RECORDS PROVIDED
****************************************

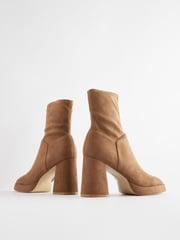 Tan Brown Forever Comfort® Platform Sock Ankle Boots - Image 7 of 9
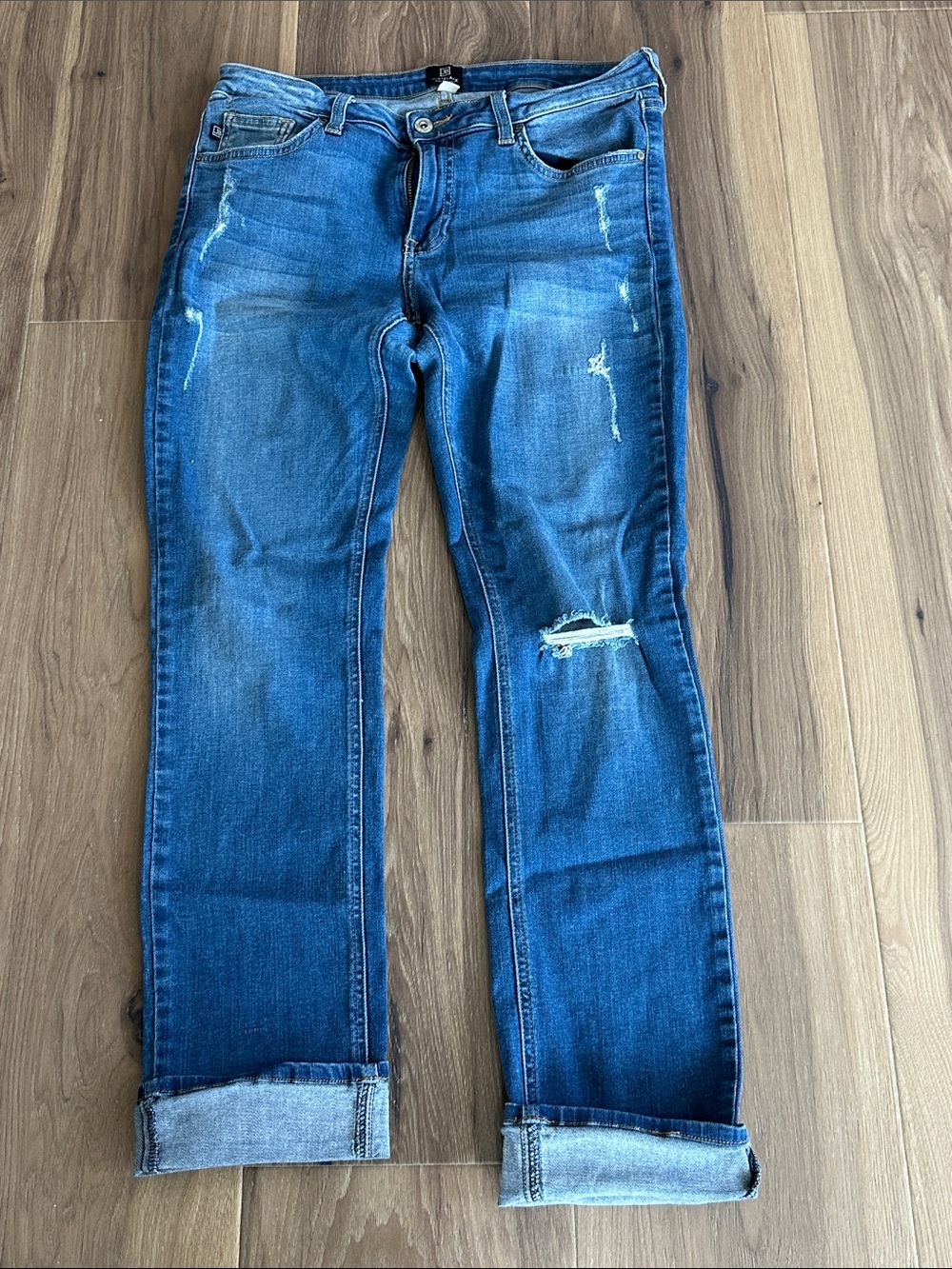 Just Black Women's Distressed Dark Blue Boyfriend Jeans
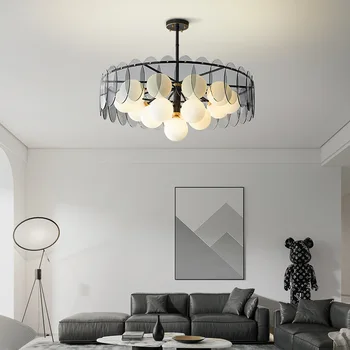 Современные бело-серые стеклянные подвесные светильники, медная лампа круглой формы G9 для гостиной, столовой, спальни, латунный подвесной светильник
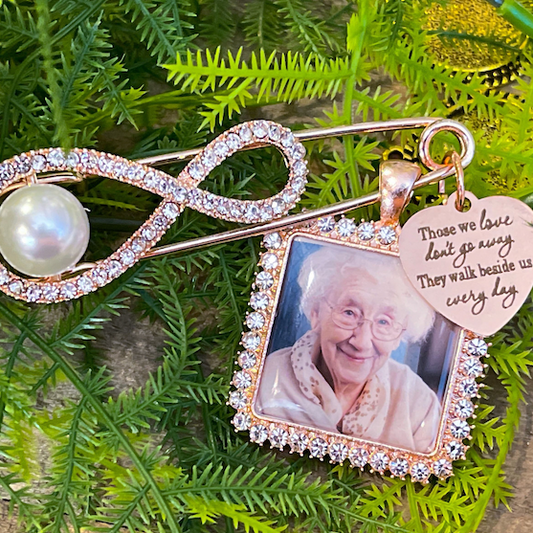 Wedding Memorial 25mm Photo Charm and Brooch Rose Gold - Perfect Pendants Plus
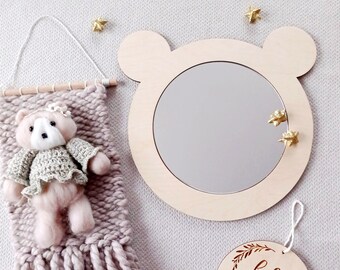 Miroir chambre d'enfant miroir avec oreilles miroir acrylique chambre de bébé oreilles d'ours en peluche miroir mignon miroir sûr miroir pour enfants miroir en bois miroir de pépinière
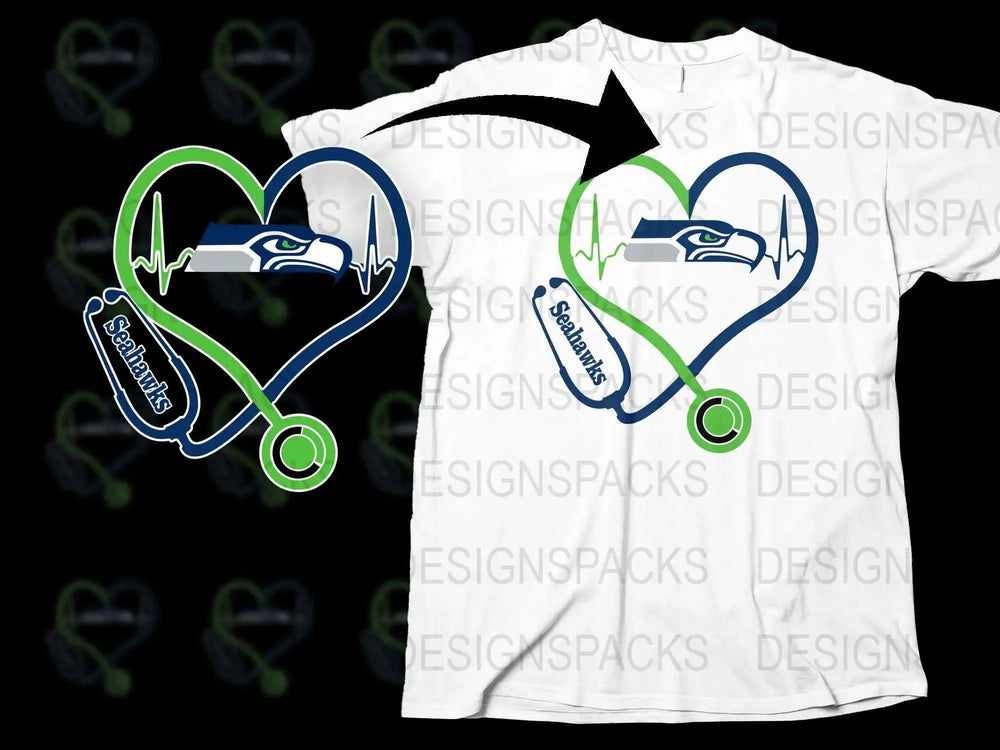 Seattle Football Heartbeat T-Shirt, Sports Fan Gift, Team Pride Tee, Casual Wear, Unisex Fashion, Graphic Shirt.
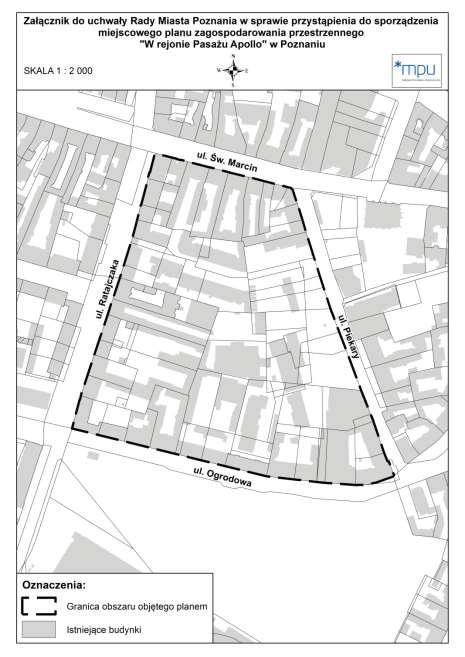 Projekt mpzp W rejonie Pasażu Apollo w Poznaniu Powierzchnia: 5,47 ha Z wnioskiem o sporządzenie projektu mpzp W rejonie Pasażu Apollo w Poznaniu wystąpił dnia 20 lipca 2015 r.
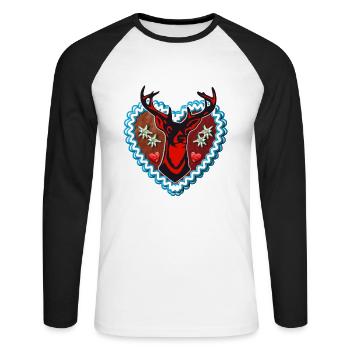 32 Lebkuchenherz Wiesn Hirsch Edelweiss Herzen - Unisex Baseballshirt langarm - Weiß/Schwarz - Vorne - Nik (191cm)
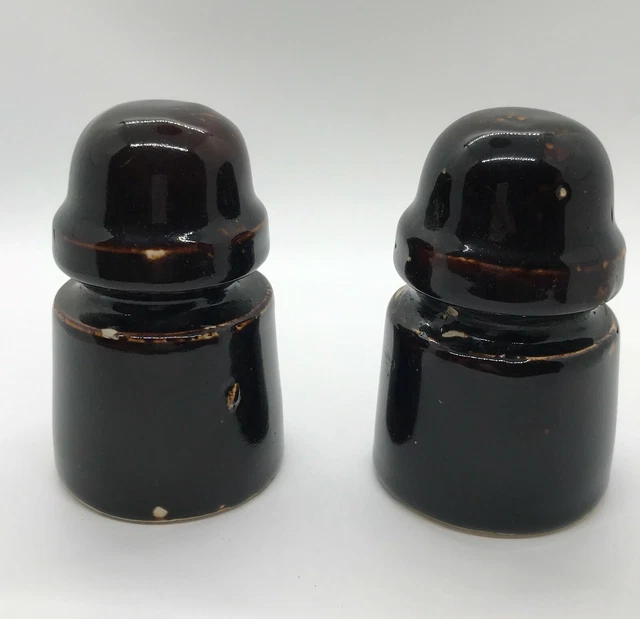 Insulator, Pair, Brown, Porcelain Ceramic Pottery, Vintage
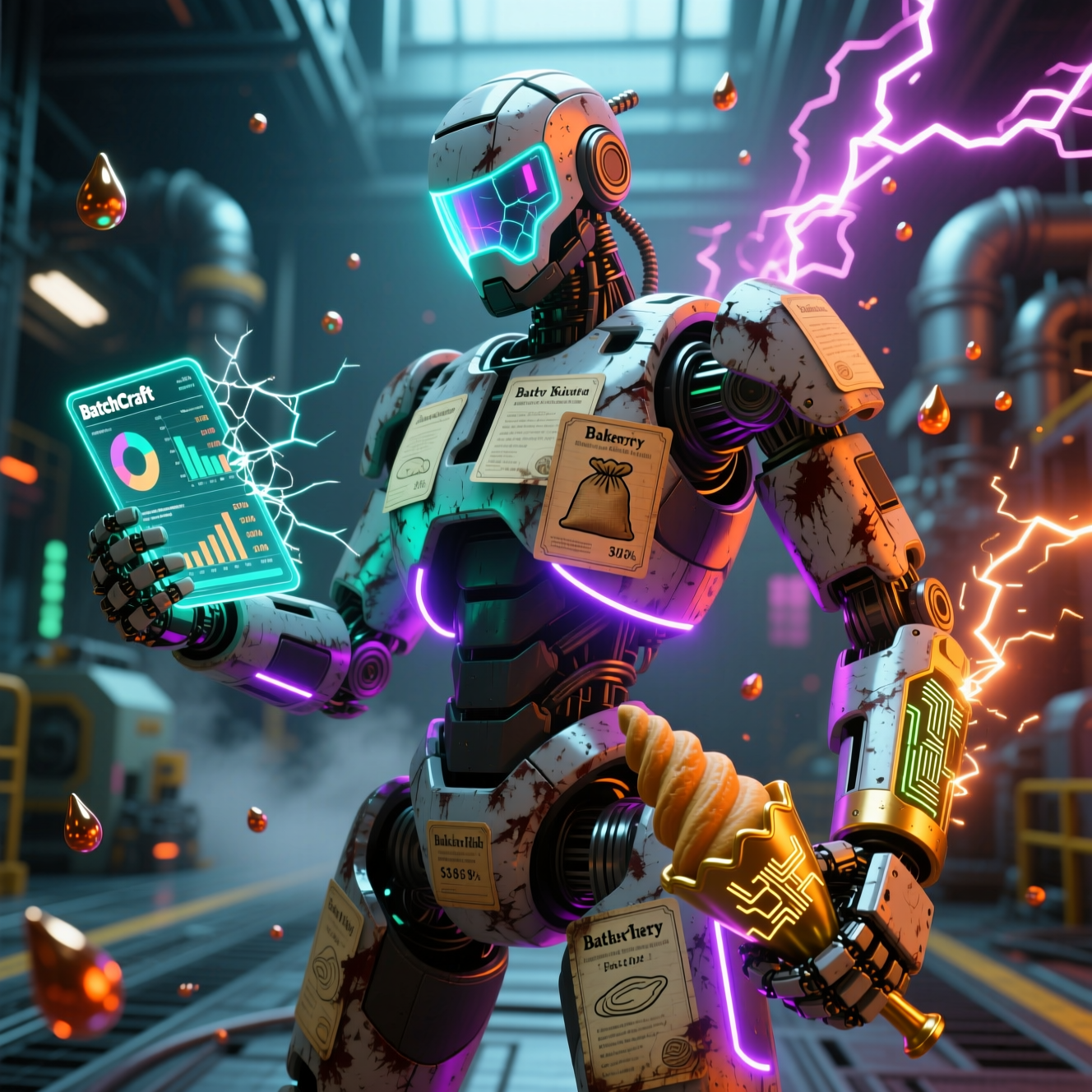 BatchCraft Studio — Bakery Cost & Batch Production Suite — Recipe category hero — war-worn but heroic mech pilot robot with painted panels, weathered detail, cinematic hero lighting in magnetic-levitation factory floor with sparking arcs of electricity and machinery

****************************************

PROBLEM STATEMENT
Reproduce nothing but the lines from the line containing "Projekt mpzp W" through the last line of the data above, exactly as written and without pictures.

REPLY TO THE TASK
 Projekt mpzp W rejonie Pasażu Apollo w Poznaniu Powierzchnia: 5,47 ha Z wnioskiem o sporządzenie projektu mpzp W rejonie Pasażu Apollo w Poznaniu wystąpił dnia 20 lipca 2015 r.
 32 Lebkuchenherz Wiesn Hirsch Edelweiss Herzen - Unisex Baseballshirt langarm - Weiß/Schwarz - Vorne - Nik (191cm)
 Insulator, Pair, Brown, Porcelain Ceramic Pottery, Vintage
 BatchCraft Studio — Bakery Cost & Batch Production Suite — Recipe category hero — war-worn but heroic mech pilot robot with painted panels, weathered detail, cinematic hero lighting in magnetic-levitation factory floor with sparking arcs of electricity and machinery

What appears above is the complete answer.